Il 9 novembre alle 7.27 del mattino una scossa di terremoto di magnitudo 5.7 avvenuta al largo della costa marchigiano-pesarese è stata distintamente avvertita in molte aree del Centro e del Nord Italia. Il fatto che l’epicentro sia stato lontano dalla terraferma e che il sisma abbia avuto una profondità di otto chilometri ha contribuito a limitare i danni e a evitare che ci fossero conseguenze per le persone, ma l’evento ci ricorda ancora una volta che l’Italia è un Paese sismico e che occorrono regole stringenti per garantire la sicurezza degli edifici, soprattutto nelle aree più a rischio.

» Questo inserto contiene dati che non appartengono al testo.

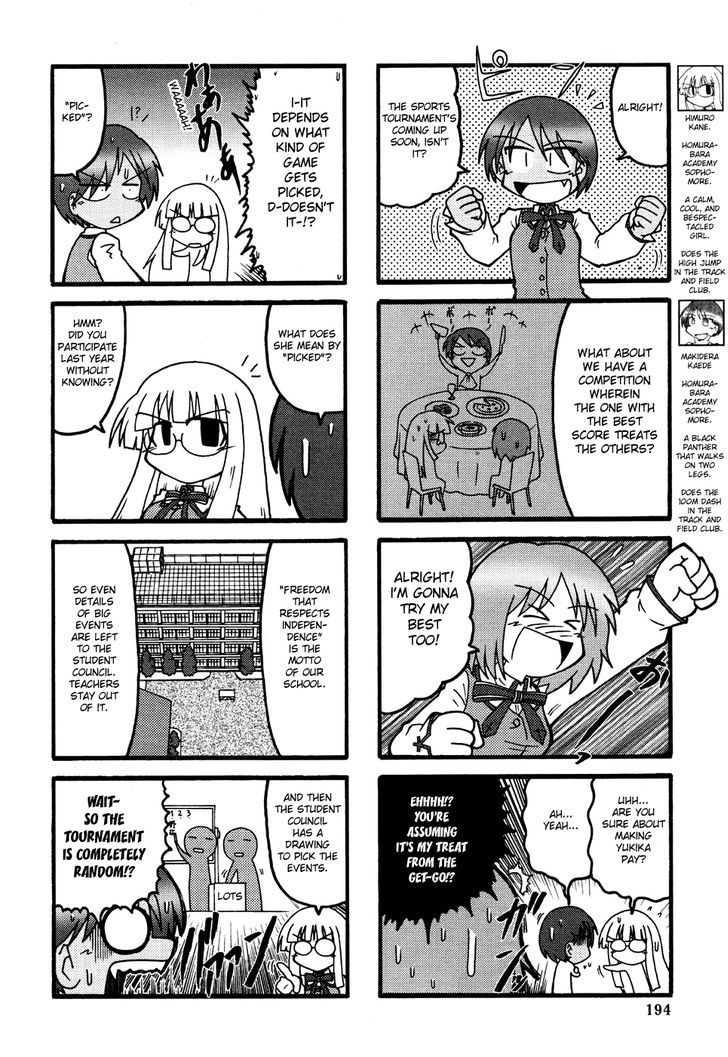 Himuro No Tenchi Fate/school Life Chapter 3 #2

“L’evento fa parte della storia sismica di questa area del nostro Paese. Nel 1930 ci fu un terremoto di magnitudo simile che però provocò una ventina di vittime, probabilmente perché l’epicentro era più vicino alla costa. In questo caso invece l’epicentro è localizzato a circa 30 chilometri al largo di Fano”, ha spiegato Giulio Di Toro, professore ordinario del Dipartimento di Geoscienze dell’Università di Padova e tra i maggiori esperti internazionali in questo ambito di studi.
“I terremoti che avvengono nell’area costiera adriatica sono di tipo compressivo, cioè delle faglie inverse dove alcune rocce risalgono verso l’alto. Questo tipo di terremoti in Italia sono generalmente localizzati al fronte delle catene. Le Marche sono particolarmente sfortunate da questo punto di vista perché sono caratterizzate anche da terremoti di tipo distensivo dove un blocco scende rispetto all’altro: sono i classici terremoti appenninici, come quello del 2016”, prosegue il professor Di Toro.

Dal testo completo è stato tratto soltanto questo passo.